We will take a mashrutka, giving the bikes a rest after the last stressful days in company of the kids.
We go down in the "center" of Khaishi and wait, under the doubtful gaze of the lady of the "bar". An hour passes in which we try to stop anything that has the appearance of a van, we are ignored. After two hours a gray van approached, carrying flour. A man came out and starts speaking with some local women, including the bartender. After a while we understand that the lady is trying to intercede for us, the man is directed to Latali, 9 km from Mestia, eventually he agrees to give us a ride.
Finally we leave, 3:30pm, now we understand that this will be a long journey, the man is carrying 4 tons of flour, about four times the stated maximum load of the van. The average is 30 km/h, with a peak of 5 km/h. It seems to be on a bicycle.

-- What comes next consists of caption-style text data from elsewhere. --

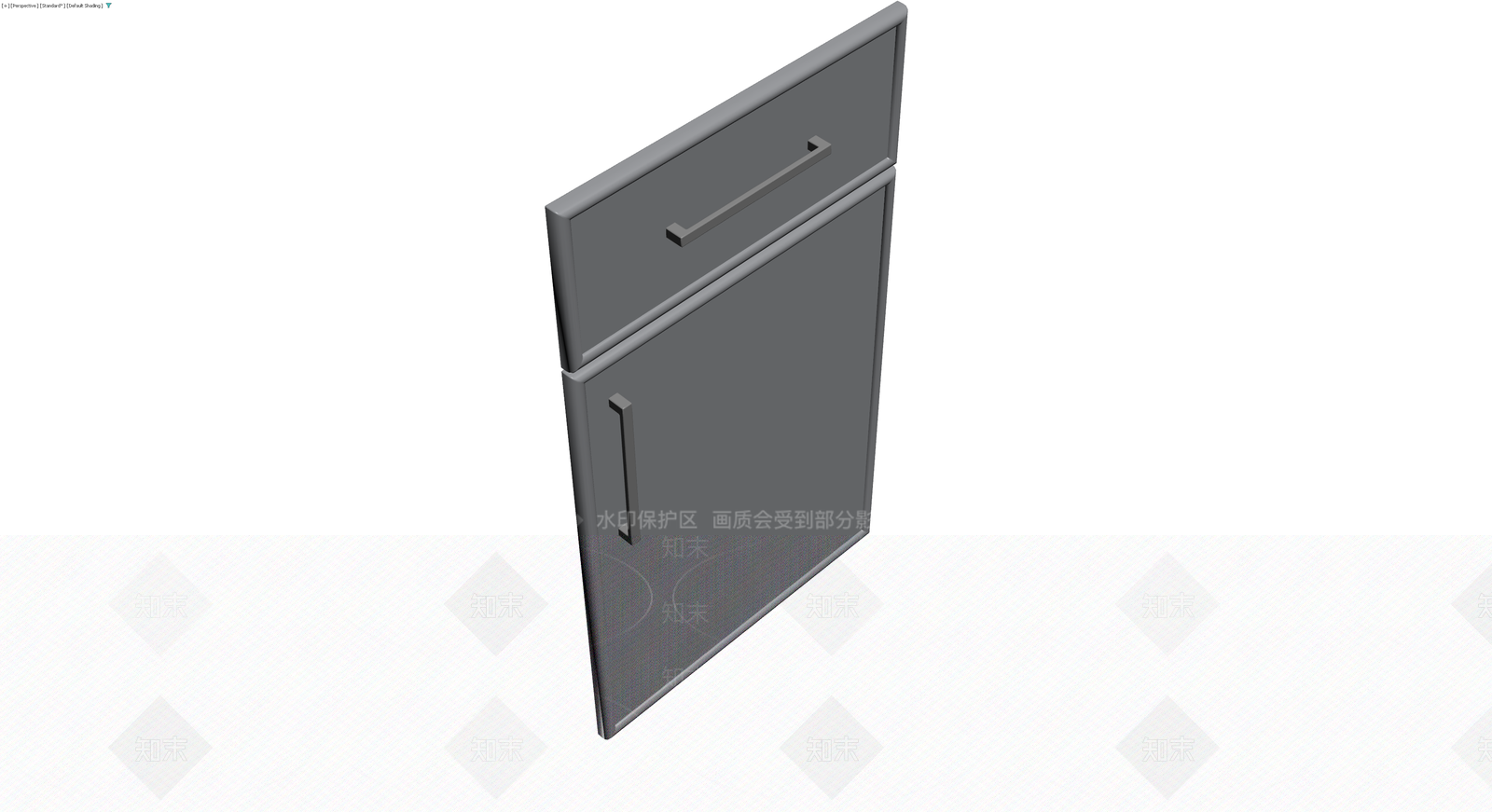 灰色单门抽屉柜3D模型下载【ID:1230596394】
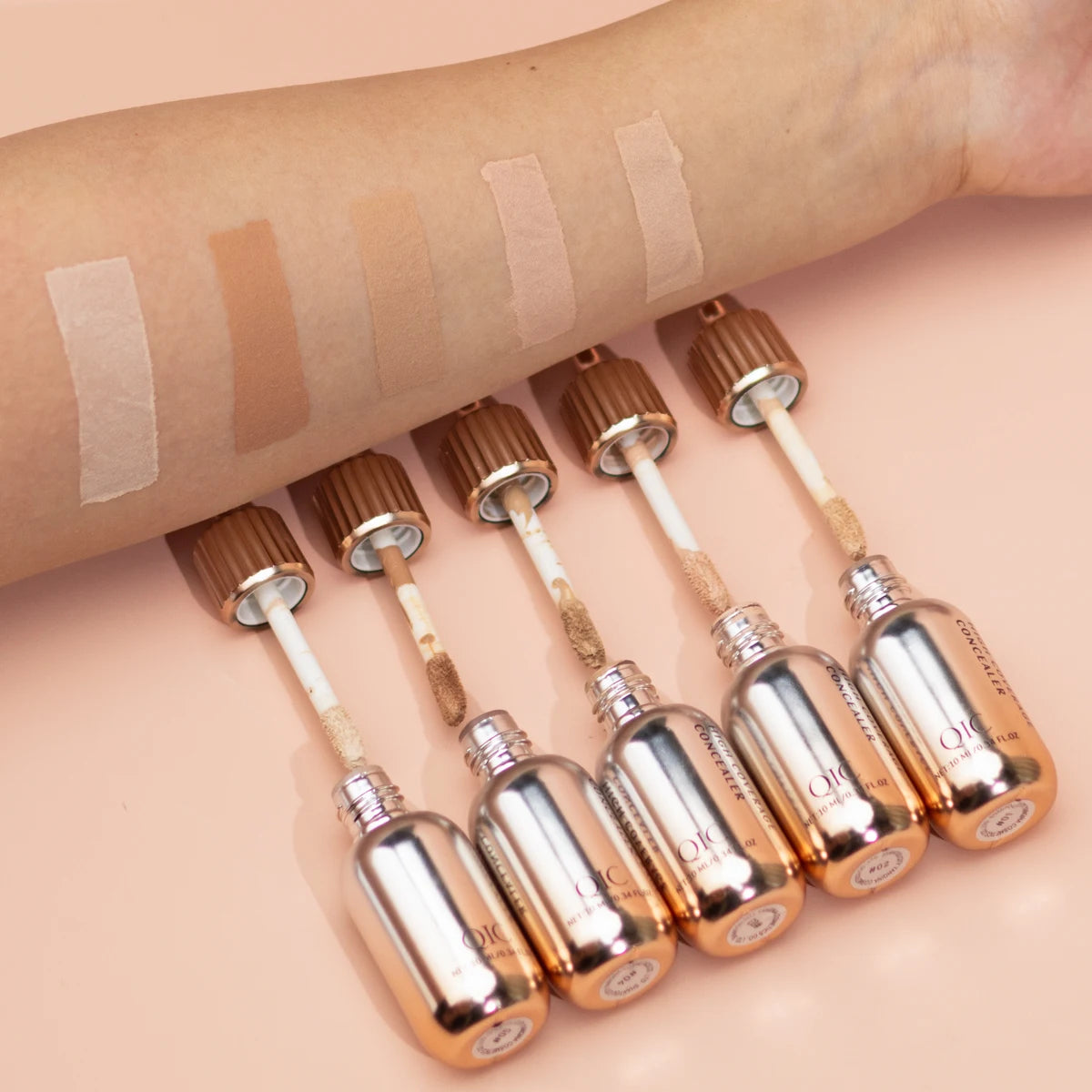 QIC Liquid Concealer – Full Coverage, Matte & Waterproof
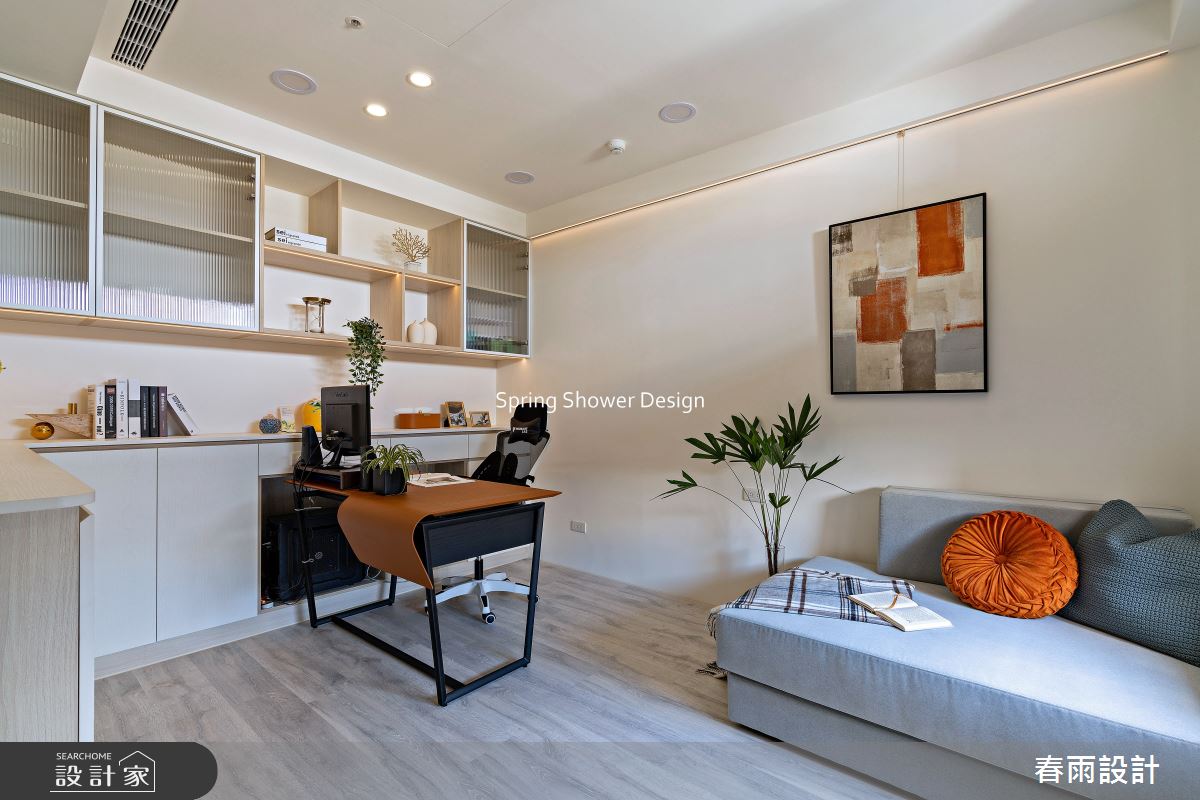 中古屋(5~15年)＿飯店風書房工作區案例圖片＿春雨設計＿春雨_225 國王一號院2之41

In addition, whenever the climb becomes steeper (almost always) the man opens the hot air valve to the maximum to make it to vent from the engine, which could seriously melt (in fact, we see several vehicles stranded along the way). We roast. Landslides are everywhere. At about 6:00pm we arrive at Latali, end of stroke. We greet our driver and offer some money, which he refuses, and we set off on foot to Mestia. Latali is a beautiful village, dotted by classic defensive towers. It exudes an ancient atmosphere. Even if not cycling, people look at us like aliens anyway.